### EXERCISE PROMPT
Look below for the line containing "MEXICO: Republic, AR peso, 1910, ..."; from there, print each line exactly up to and including the line containing "for iPhone 17", and stop.

### INPUT FOR THIS TASK
━━━━
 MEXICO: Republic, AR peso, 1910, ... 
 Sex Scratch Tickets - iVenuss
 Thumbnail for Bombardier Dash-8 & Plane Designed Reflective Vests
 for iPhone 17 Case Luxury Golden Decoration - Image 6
━━━━
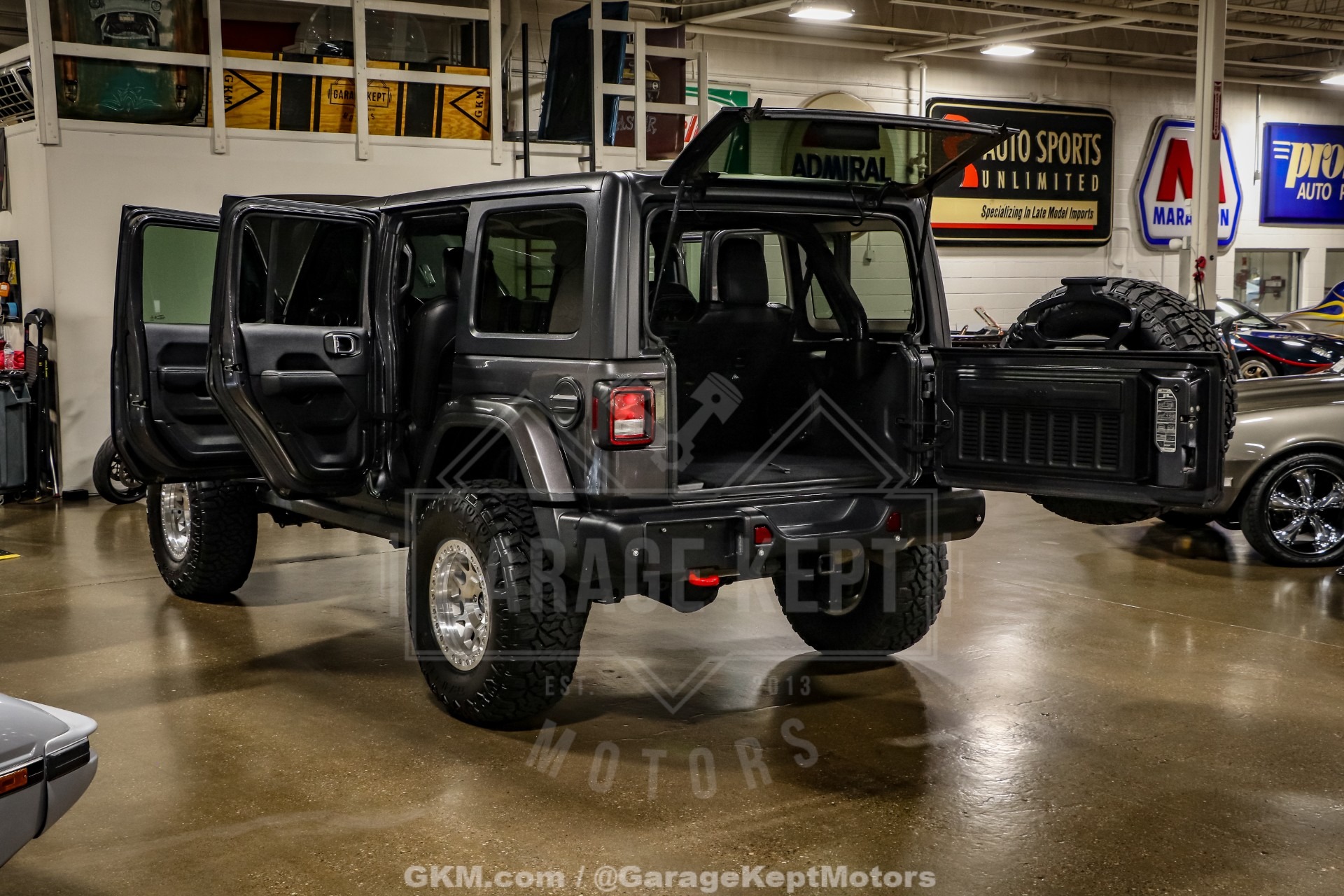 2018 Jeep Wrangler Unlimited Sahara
━━━━
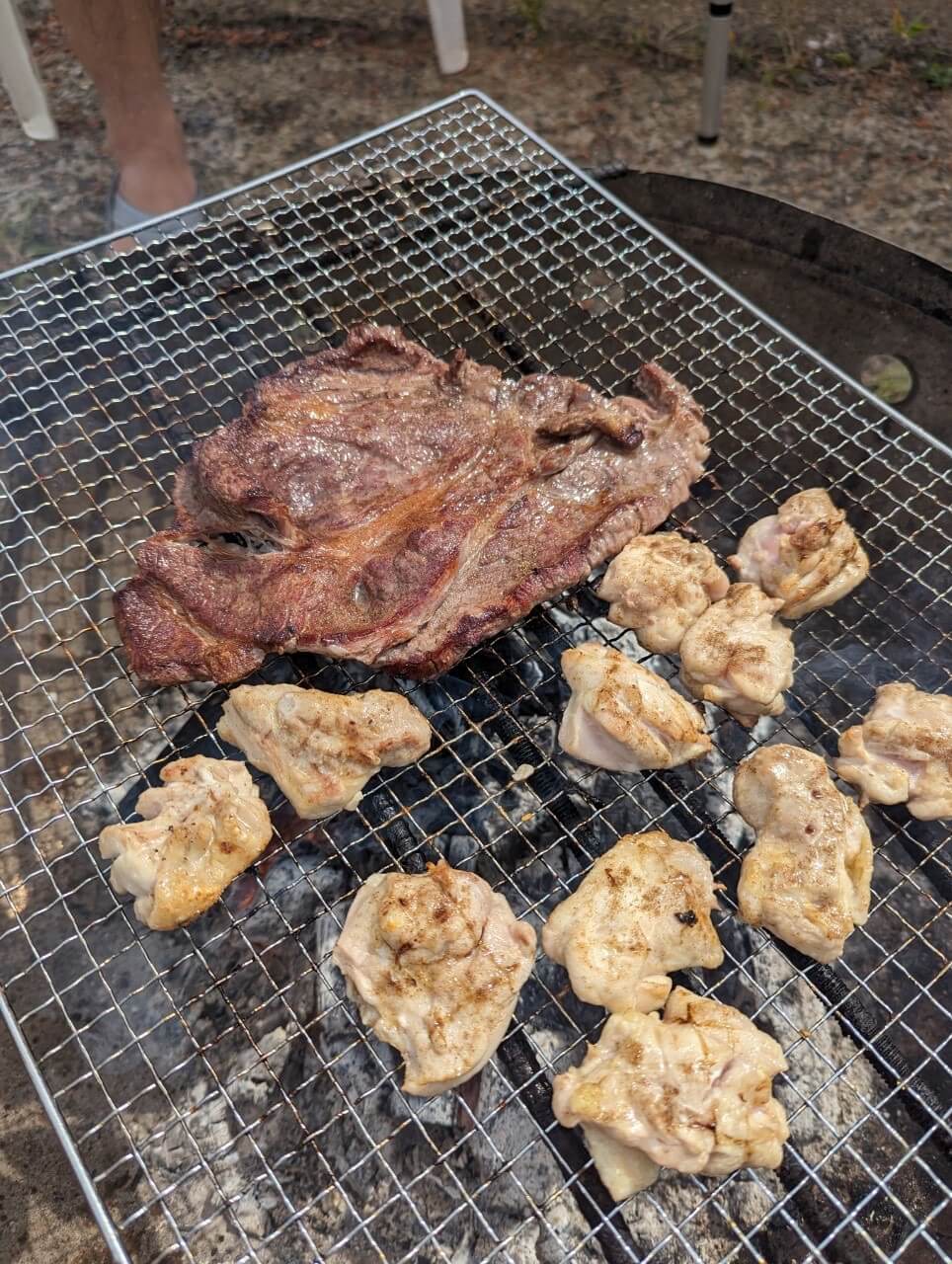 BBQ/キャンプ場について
━━━━
### REPLY
 MEXICO: Republic, AR peso, 1910, ... 
 Sex Scratch Tickets - iVenuss
 Thumbnail for Bombardier Dash-8 & Plane Designed Reflective Vests
 for iPhone 17 Case Luxury Golden Decoration - Image 6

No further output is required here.